● **Exercise brief**: Take the lines below between the one holding "BigMouth BigMouth Inc." and the one holding "Camasa de dama", inclusive, and copy them exactly. Add nothing.

● **Data extract**:
========

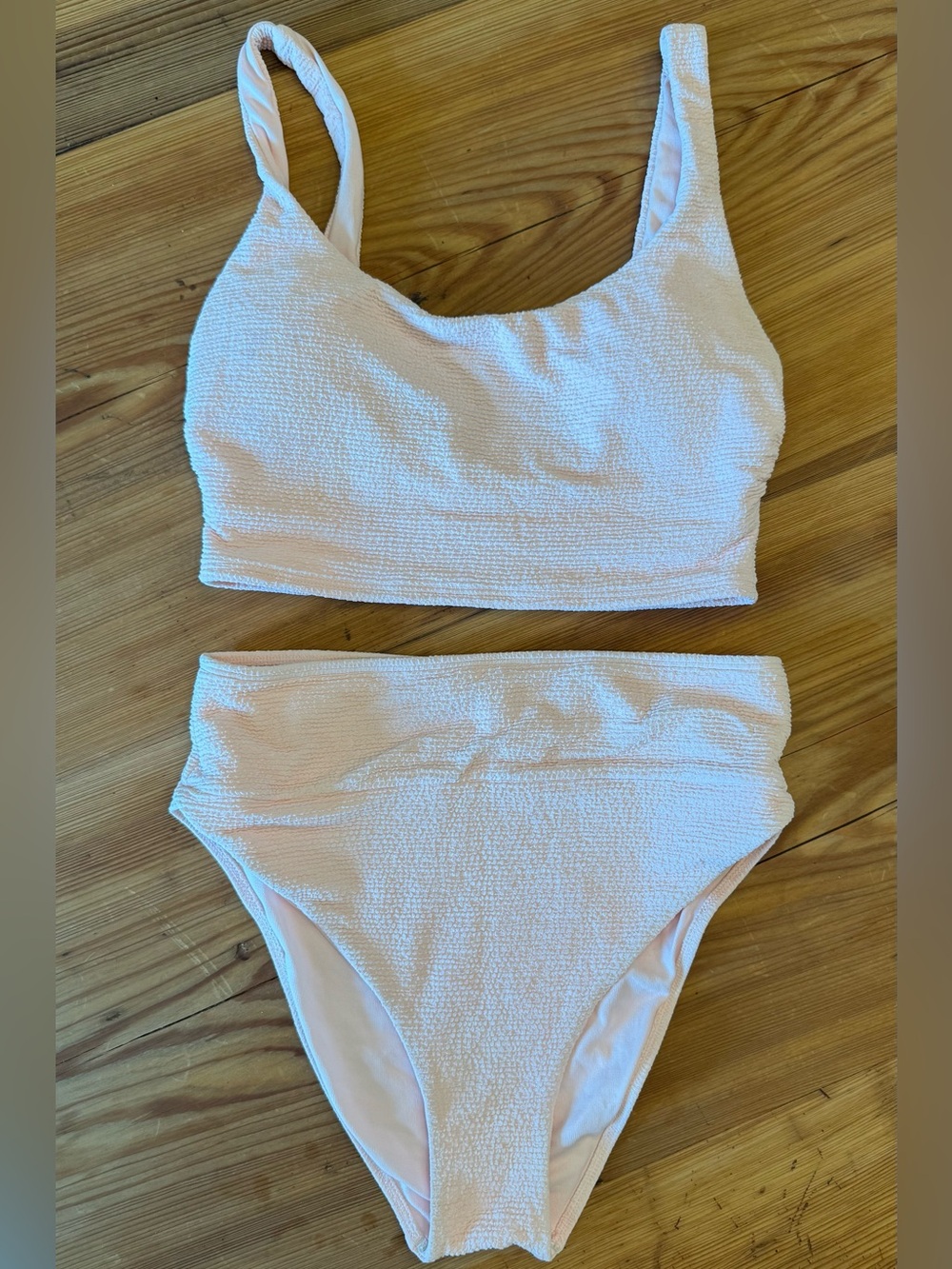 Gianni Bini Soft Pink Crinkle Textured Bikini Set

========

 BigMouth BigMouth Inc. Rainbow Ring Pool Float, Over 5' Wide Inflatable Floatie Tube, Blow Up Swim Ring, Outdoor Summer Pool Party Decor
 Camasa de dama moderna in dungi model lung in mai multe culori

========

● **Written solution**:
 BigMouth BigMouth Inc. Rainbow Ring Pool Float, Over 5' Wide Inflatable Floatie Tube, Blow Up Swim Ring, Outdoor Summer Pool Party Decor
 Camasa de dama moderna in dungi model lung in mai multe culori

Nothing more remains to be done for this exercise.